■ EXERCISE PROMPT
The required output consists solely of the lines from the top of the listing through the line containing "10000mAh LED Light", transcribed exactly.

** Opening SUPPLIED MATERIAL block **

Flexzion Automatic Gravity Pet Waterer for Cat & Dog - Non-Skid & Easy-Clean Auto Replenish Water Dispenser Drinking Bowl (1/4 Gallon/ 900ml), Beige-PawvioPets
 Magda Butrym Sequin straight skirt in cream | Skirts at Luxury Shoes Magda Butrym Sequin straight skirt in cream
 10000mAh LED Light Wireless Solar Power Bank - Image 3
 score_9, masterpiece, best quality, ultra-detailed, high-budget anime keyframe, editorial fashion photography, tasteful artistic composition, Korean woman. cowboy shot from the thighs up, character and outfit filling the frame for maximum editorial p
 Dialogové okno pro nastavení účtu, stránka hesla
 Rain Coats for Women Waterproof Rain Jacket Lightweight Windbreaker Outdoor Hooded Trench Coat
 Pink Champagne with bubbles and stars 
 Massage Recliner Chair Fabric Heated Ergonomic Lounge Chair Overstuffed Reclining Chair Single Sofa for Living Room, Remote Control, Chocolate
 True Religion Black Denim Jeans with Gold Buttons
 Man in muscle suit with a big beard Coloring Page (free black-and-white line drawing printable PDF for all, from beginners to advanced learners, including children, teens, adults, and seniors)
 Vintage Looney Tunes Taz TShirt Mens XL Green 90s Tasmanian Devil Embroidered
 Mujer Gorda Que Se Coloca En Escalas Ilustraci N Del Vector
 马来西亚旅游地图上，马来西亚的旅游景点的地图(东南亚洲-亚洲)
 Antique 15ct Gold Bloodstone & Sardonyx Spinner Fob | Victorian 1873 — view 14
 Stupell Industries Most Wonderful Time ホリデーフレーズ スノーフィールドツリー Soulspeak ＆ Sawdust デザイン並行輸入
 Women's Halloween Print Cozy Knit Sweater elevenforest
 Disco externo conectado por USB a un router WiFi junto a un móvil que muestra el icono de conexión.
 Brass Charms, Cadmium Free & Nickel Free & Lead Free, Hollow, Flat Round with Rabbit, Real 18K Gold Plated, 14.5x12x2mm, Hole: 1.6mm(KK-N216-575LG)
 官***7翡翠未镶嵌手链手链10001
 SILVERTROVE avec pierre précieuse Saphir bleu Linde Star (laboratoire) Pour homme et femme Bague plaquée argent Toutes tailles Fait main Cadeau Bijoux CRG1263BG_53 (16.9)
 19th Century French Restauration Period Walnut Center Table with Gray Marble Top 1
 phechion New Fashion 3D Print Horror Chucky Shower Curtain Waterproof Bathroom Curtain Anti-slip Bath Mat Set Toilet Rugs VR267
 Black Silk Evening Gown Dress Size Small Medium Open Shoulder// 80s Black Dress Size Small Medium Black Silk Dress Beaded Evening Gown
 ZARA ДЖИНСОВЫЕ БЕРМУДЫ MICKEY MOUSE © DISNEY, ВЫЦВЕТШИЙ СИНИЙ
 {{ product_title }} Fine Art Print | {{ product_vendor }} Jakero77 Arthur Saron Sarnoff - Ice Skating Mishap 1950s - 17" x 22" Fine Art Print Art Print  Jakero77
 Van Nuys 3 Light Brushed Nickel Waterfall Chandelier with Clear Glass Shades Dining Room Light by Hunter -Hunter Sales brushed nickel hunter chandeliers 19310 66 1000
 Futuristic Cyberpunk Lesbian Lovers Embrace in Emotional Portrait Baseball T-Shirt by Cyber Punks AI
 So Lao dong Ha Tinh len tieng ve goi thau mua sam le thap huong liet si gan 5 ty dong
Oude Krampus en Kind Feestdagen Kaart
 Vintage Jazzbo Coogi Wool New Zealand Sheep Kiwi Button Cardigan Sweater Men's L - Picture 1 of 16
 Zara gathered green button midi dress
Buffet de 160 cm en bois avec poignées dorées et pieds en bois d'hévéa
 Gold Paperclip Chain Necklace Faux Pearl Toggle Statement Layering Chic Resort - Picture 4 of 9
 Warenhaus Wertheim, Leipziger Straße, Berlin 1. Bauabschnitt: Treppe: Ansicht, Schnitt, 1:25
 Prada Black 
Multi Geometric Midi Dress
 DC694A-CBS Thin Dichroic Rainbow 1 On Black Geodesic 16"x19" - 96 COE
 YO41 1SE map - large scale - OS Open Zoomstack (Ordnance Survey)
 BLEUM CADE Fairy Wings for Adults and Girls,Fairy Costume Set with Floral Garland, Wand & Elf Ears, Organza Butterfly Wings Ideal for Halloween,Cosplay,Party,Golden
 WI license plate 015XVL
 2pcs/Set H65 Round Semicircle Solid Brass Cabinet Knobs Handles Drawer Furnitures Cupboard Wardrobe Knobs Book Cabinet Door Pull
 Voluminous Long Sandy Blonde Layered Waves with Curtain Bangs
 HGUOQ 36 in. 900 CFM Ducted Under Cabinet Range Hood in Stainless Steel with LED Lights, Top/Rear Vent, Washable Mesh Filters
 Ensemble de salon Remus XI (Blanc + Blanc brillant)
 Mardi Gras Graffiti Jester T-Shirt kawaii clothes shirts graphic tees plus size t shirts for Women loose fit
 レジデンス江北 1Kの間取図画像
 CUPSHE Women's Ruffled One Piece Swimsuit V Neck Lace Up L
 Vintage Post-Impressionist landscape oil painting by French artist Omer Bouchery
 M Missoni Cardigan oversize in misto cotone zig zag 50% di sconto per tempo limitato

** Closing SUPPLIED MATERIAL block **

■ TASK ANSWER
Flexzion Automatic Gravity Pet Waterer for Cat & Dog - Non-Skid & Easy-Clean Auto Replenish Water Dispenser Drinking Bowl (1/4 Gallon/ 900ml), Beige-PawvioPets
 Magda Butrym Sequin straight skirt in cream | Skirts at Luxury Shoes Magda Butrym Sequin straight skirt in cream
 10000mAh LED Light Wireless Solar Power Bank - Image 3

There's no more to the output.